Le second avait paru plus praticable, et le gouvernement s'y était d'abord arrêté; mais il se rendit bientôt aux observations de la commission; il reconnut avec elle le danger qu'il y aurait à

mettre en mouvement toute une population, alors que l'ordre et le calme étaient à peine rétablis, pour procéder à des élections qu'il faudrait recommencer quelques semaines après. La loi nouvelle d'ailleurs introduisait dans le mode d'élection de profondes modifications; elle condamnait implicitement les principes absolus posés par le gouvernement provisoire; l'application de ces principes ne paraîtrait-elle pas bizarre dans les circonstances actuelles? Ne paralyserait-elle pas d'avance les dispositions de la loi projetée, et n'enlèverait-elle pas à la discussion d'où elle devait sortir toute indépendance et toute autorité? Tels sont les scrupules qui avaient fait cesser les hésitations du gouvernement et l'avaient décidé à laisser les choses dans l'état actuel jusqu'à la promulgation de la nouvelle loi.

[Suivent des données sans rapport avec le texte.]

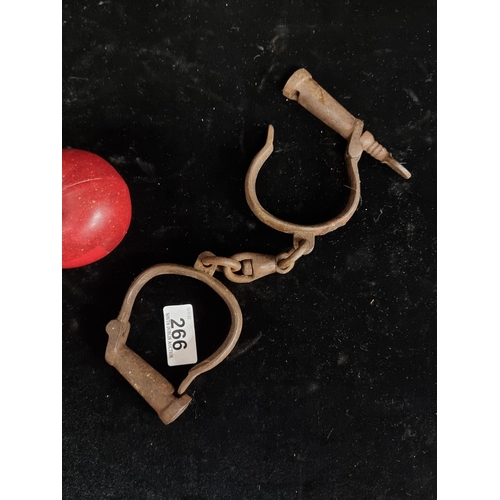 266 - A cast iron pair of antique hand cuffs  (shackles) . A good pair with key included. Circa 19th centu...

Or, il est une règle qui, suivant M. le ministre de l'intérieur, a toujours été admise aussi bien en matière politique qu'en matière administrative, que la Cour de cassation a consacrée dans un arrêt de 1837, que le gouvernement a plusieurs fois appliquée sous l'ancienne monarchie aux élections de la garde nationale, et qu'enfin la constitution de 1848 a elle-même reconnue. Cette règle c'est que les autorités dont l'ensemble constitue le corps politique, ne peuvent jamais subir de suspension ni de défaillance elles demeurent en exercice tant qu'il n'a pas été pourvu à leur remplacement, et c'est sous la responsabilité du gouvernement que leurs pouvoirs sont ainsi tacitement prorogés.

Tout en acceptant cette théorie comme parfaitement constitutionnelle, la commission avait cependant jugé insuffisante la solution proposée par le gouvernement. Elle avait pensé qu'il y avait plus à faire, et qu'une loi transitoire était nécessaire en droit, et en fait indispensable. Suivant elle, la responsabilité du gouvernement ne saurait être dégagée que par un acte du pouvoir législatif qui approuverait le sursis et suppléerait par une loi transitoire aux nécessités qui suspendaient l'exécution de la loi existante. En fait, il importait que les incertitudes et les hésitations jetées par certains partis dans les rangs de la garde nationale fusşent levées, que les espérances d'agitation fussent désarmées, et que la voix du législateur se faisant entendre, fit cesser tout scrupule sur la légitimité de la prorogation.